Hello. I hesitated quite some time before deciding to share my situation hoping to come to a better understanding of the trans community. I hope I can express myself well enough to not be mistaken.
I'm struggling with a situation that comes as a culmination of all my contacts in life with mtf trans persons and the fact that they have all had elements of sexual inappropriate ness. I've been called a bigot for being upset about what happened today. I came here searching for some answers and I guess to explain I should start at the beginning.
My first mtf contact was online several years ago. The person identified herself as a lesbian female. Over the course of a few weeks she kept slipping comments into conversations of a sexual nature. Not being interested I said so, but did not cut off contact due to recognizing that this person had some issues and could probably use a friend. Eventually cut off contact when it became clear that what was a level of sexual harrasment would not stop. Later learned of her preop mtf status.
Fast forward a few years, and I'm out in public at a library and a non passing mtf transexual (she identified as such which I knew due to the fact that it was written in glitter across her hat) sits across from me at the table. I look up and say hello politely and go back to my homework. After a minute or so she strikes up a conversation about the internet connection, then transitions it suddenly to a monologue about men not understanding women's needs sexually. Who does that with a stranger seriously?
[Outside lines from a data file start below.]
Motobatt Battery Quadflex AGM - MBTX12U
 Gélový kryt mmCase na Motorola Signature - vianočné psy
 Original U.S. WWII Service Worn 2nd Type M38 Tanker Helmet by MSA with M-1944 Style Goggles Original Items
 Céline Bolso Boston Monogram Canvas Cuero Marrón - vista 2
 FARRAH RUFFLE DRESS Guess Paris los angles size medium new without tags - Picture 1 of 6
Fast forward some more and in a strange public encounter another stranger, an mtf decides to walk up and ask me how their breasts look. Gape mouthed and stunned for a good 30 seconds I finally reply with "that's an awkward question" and walk away.
And finally today, a preop bottom mtf transgender in my health club locker room while I'm dressing, obviously sexually aroused.
All of these put together have created a downward spiral in my opinion of the community. I feel violated in the same way I do when a man passing by says nice rack or a lesbian friend doesn't respect my no answer. I feel angry for being characterized as a bigot for wanting to feel sexually safe.
And ultimately I'm left asking the question on Google that brought me yo this site, why are these mtf people I have met all about sex. I've never had a cis female who was a stranger try to talk to me about sex or ask me to comment on their breasts. Most lesbians I've known have easily taken not interested for an answer and definitely didn't put their sexuality on display in vulnerable situations.
So all that being said, the only theory I could come up with was that maybe this is the stereotypes an mtf comes to femininity with and doesn't understand the "circle" when it comes to discussing private things? Meaning friends may have conversations that invade personal space but its not just any other person of that gender.
So what am I missing here? Why do all my mtf interactions have this strange personal boundary issues? How do I support equality without having my own safety violated? And why is it not ok with the politically correct crowd for me to have an issue with an erection in proximity to my naked body without permission just because the owner identifies as fem?